La misera condizione di tutti coloro che si arrovellano a dire senza osare il fare, ad esternare opinioni sfinendosi di narcisismo, ad invocare rivoluzioni pubbliche stritolati nell'ancien régime della vita privata, ad accettare la scappatoia della trascendenza per non soccombere di follia nel fissare lo sguardo vuoto della realtà...

Non potrò mai essere quel che avrei voluto, fare quello che mi piaceva immaginare,  conoscere ciò e chi desideravo: la vita è troppo breve, i mezzi fuori portata, le persone viscide e scostanti, capaci di gonfiare di parole il prossimo pur di celargli i loro miserucci edonistici fini.

Vorrei sapere che farmene, di questa consapevole finitudine, anzi: vorrei disinteressarmene nel modo più totale (in fondo non mi riguarda affatto la cosa o la non-cosa che sarò una volta morta: io ho urgenza di vivere da viva) e, nel mentre, razionare le mie energie superstiti per qualcosa che valga, che sia degno, che sia vero.
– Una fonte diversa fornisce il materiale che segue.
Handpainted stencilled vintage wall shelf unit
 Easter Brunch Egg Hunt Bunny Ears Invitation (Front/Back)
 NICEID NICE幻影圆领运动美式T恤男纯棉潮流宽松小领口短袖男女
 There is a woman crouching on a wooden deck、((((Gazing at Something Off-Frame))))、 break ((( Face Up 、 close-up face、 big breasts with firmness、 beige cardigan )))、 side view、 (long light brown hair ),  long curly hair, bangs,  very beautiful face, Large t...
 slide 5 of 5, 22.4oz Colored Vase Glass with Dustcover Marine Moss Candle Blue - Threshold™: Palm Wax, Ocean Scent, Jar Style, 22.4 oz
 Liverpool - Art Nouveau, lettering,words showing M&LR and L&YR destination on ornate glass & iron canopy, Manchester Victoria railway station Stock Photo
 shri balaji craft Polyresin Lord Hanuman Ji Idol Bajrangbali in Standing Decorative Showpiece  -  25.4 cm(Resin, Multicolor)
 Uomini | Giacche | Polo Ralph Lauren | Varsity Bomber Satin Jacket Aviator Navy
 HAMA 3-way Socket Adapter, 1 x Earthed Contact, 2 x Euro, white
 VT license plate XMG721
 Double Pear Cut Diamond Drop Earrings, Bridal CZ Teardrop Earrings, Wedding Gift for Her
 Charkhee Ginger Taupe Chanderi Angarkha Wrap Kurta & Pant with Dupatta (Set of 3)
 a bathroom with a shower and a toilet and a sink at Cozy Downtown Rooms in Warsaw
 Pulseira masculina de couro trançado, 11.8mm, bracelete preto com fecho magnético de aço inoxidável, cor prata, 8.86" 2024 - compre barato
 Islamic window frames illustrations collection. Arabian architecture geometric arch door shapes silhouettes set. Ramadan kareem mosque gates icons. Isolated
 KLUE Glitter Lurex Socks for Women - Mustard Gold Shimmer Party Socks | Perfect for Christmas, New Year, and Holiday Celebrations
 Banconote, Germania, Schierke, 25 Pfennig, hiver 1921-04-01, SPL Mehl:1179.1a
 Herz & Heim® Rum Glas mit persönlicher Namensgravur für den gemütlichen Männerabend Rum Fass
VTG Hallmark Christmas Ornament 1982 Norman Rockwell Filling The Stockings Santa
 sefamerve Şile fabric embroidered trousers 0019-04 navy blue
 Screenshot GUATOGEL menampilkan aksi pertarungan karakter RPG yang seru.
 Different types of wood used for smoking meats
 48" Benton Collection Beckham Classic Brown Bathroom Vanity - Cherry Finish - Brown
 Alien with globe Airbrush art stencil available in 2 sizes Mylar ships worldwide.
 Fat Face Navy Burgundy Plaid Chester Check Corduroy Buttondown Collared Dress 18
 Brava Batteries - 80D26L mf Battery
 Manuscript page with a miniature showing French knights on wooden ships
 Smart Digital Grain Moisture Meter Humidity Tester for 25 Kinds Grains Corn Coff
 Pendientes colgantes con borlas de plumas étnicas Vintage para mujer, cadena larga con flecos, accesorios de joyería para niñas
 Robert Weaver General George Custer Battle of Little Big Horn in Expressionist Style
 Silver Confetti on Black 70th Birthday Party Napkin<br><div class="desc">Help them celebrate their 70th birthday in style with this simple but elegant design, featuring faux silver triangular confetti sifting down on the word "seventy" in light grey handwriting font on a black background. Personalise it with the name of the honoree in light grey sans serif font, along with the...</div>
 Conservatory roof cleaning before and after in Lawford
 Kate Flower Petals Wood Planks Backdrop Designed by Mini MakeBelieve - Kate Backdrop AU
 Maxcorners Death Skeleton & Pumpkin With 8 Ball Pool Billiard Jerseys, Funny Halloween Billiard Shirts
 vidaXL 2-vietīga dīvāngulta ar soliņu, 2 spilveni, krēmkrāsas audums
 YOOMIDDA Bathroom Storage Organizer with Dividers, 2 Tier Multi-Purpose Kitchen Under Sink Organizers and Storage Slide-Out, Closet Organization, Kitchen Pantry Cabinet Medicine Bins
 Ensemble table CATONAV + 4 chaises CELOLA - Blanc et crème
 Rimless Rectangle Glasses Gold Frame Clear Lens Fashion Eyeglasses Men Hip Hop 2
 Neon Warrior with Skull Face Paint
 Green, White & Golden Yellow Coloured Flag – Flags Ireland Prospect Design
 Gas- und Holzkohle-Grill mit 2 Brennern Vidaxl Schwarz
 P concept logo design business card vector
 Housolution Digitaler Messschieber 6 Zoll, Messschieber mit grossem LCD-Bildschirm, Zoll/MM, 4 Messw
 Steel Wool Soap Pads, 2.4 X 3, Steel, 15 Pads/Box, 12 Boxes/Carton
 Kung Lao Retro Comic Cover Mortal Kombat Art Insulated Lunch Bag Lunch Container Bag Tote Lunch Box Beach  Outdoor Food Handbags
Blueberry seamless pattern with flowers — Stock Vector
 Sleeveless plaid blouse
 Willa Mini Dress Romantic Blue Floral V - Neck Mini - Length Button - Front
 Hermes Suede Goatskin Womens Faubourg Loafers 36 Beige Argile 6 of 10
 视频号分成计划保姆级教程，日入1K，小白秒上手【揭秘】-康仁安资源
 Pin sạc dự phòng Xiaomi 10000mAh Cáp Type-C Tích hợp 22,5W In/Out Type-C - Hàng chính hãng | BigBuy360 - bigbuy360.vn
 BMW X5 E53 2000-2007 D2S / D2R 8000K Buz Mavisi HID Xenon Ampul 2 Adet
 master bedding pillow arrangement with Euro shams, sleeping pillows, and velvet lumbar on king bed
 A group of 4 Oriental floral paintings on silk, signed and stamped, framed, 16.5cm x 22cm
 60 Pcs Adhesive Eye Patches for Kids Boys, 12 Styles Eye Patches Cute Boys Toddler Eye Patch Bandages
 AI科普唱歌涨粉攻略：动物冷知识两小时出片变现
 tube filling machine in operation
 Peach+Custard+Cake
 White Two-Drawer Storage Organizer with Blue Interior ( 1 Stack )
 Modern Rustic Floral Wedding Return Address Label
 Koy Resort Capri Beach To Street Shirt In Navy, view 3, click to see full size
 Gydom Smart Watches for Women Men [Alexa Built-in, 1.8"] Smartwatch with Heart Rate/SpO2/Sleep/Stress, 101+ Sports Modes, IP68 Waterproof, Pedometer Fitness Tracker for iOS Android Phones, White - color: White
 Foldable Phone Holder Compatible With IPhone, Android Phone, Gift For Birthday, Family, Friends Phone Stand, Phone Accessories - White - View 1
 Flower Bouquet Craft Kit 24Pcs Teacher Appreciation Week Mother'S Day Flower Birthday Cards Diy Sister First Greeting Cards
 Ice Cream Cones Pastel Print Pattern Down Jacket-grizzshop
Da ora, di conseguenza, tornerò al mio antico istinto che, assai poco saggiamente, ho lasciato alle porte dell'ingresso all'età adulta sposando quella pragmatica tolleranza che non conduce che alla disperazione.
Lascerò che mi conduca verso il vero vero amico, il sano desiderio, le anime davvero belle,
e smascheri le inutili  e mendaci parole.


2 commenti:

  1. scontata ed approssimativa ma sempre utile
    Carpe diem...
    ti auguro davvero di vivere a piene mani...anche se poi non troverai qualcosa che valga, che sia degno e che sia vero, ma vivi!!!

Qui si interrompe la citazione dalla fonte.